Both A and D keep a track of the shortest route along conveyor belts to the 2 nearest import bays. Note not every tile is a route, only each one marked with conveyors, so we have the following.

Now lets say I add a new conveyor belt tile to improve the routing from A to its two nearest bays…

Now as mere humans, its pretty clear to us that as soon as possible, we need to get A to recalculate those two routes it has to its nearest bays, because there is now a shorter route from A to B (but actually not C). Its also pretty clear that D’s routes (to E and F) are totally unaffected. Right now… my algorithm is dumb as fuck, because it tells A and D ‘OMG something changed! redo everything!’, which is a massive waste of resources. The problem is…How exactly does a better algorithm look?

This is one of those things that sounds simple but actually is not. If I learned computer science at school I’d likely be better at this, but I’m self taught. Here is my current thought process:

The route from D to E is 4 tiles. The distance from D to the new tile (pointed at by the arrow) is greater than 4. Thus there is NO way that my route from D to E can possibly be affected by this change. Thus I can leave D as a slot that keeps its old fashioned routes.

So an algorithm that made this optimization would be something like:

For Each Slot
bool bcheck = false
int max_dist_bay = GetMaxDistToBay()
For Each changed tile
If CrudeDistanceToTile <= max_dist_bay
bcheck = true

So its worth trying to see if that helps…

…And I tried it! I even wrote some debug output to verify that the number of slots that got verified each time was below 100%. Something I didn’t realize was that obviously for changes taking place right in the middle of a map, the majority of the map ends up being covered by this algorithm, as the distance for slots to the center of the map is often about the same as the distance to the nearest importer. However, when making changes nearer the edges and corners of the map, a way smaller percentage of the slots need verifying, sometimes just 2-4% of them.

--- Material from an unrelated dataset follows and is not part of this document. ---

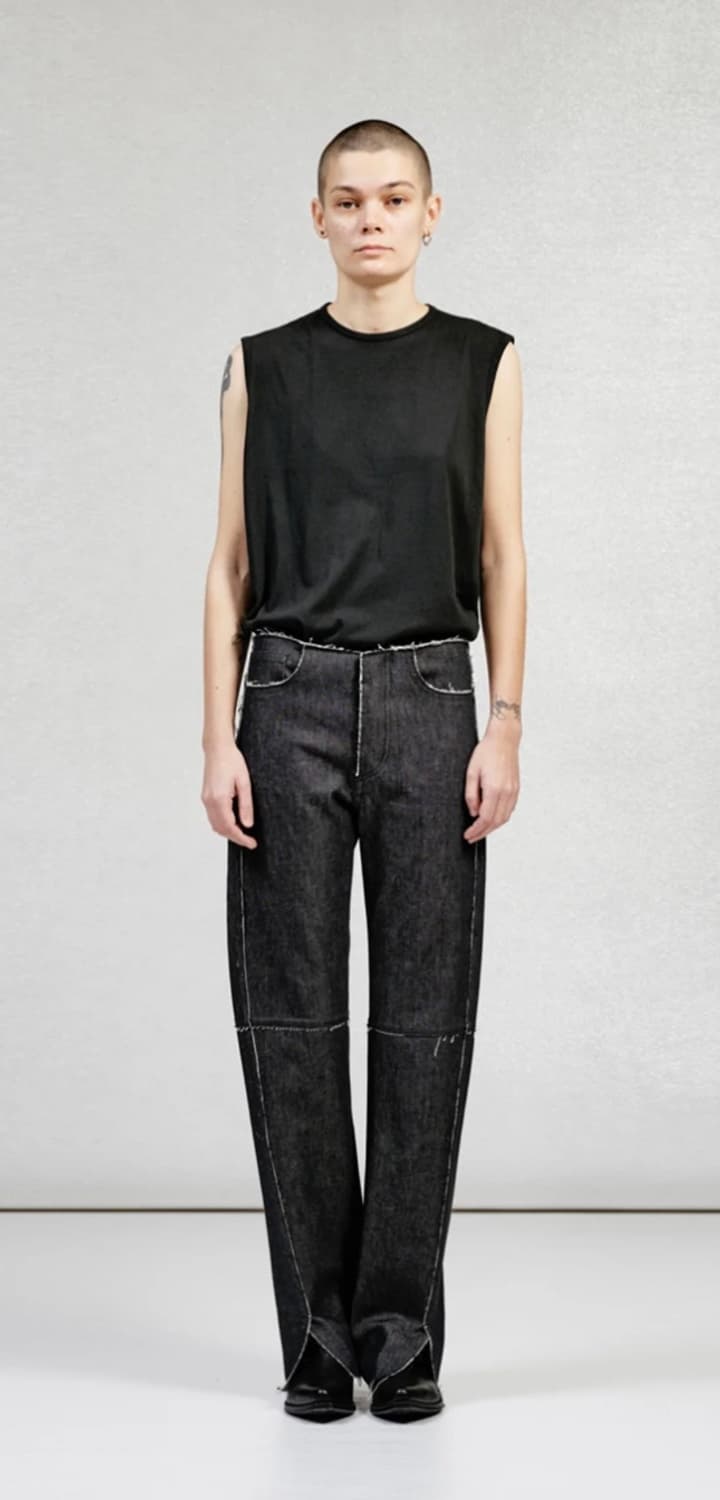 3사이즈)가브리엘라콜가먼츠 no.155 데님팬츠 상품이미지1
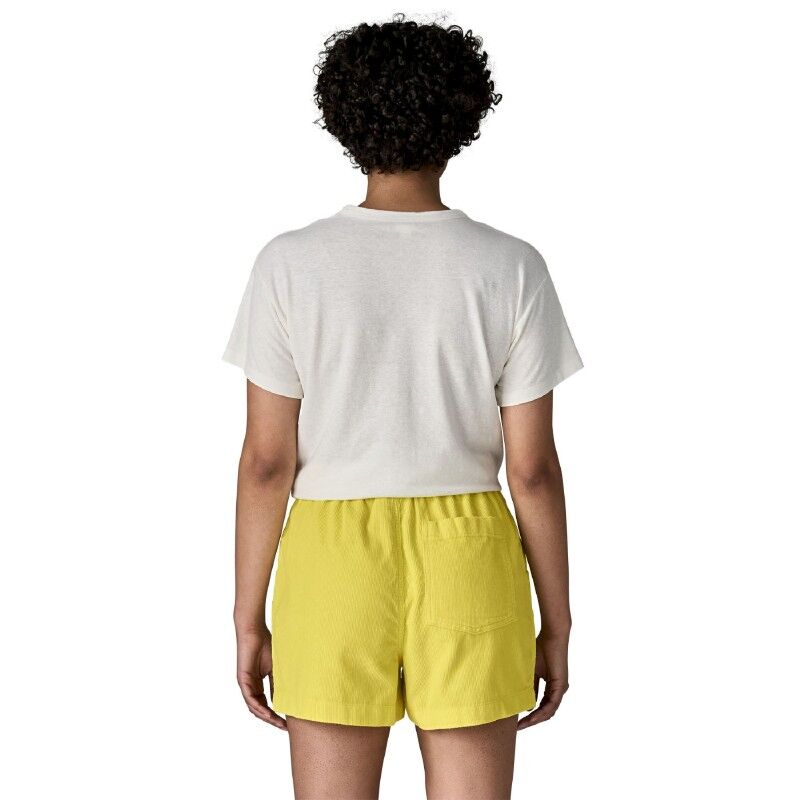 Patagonia W's Retro Cord Shorts - Calção mulher | Hardloop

Even if I just assume that we average 50% of slots being verified instead of 100%, this represents a 2x speedup in the game during these events, which should be super noticeable. Of course the only way to be sure this feeds through to user experience is to stick the new algorithm on a togglable switch and watch the frame rate counter and…

YES

It boost the framerate a LOT. Obviously its still spread out over the same amount of time, but the total amount of recalculating needed is way lower so… obviously we get a big framerate boost.

This is NOT a perfect optimised way to do it, but you can bet its already roughly twice as fast, which is great. I need a better way to work out what slots are needlessly recalculating, AND I need to ensure I can use similar techniques on situations that cause a recalc by other means, such as when stuff is deleted but…its definite progress.

I’ll probably work on the deletion case tomorrow, do some more extensive testing, then try it out in the 1.80 preview build (unstable beta) on steam.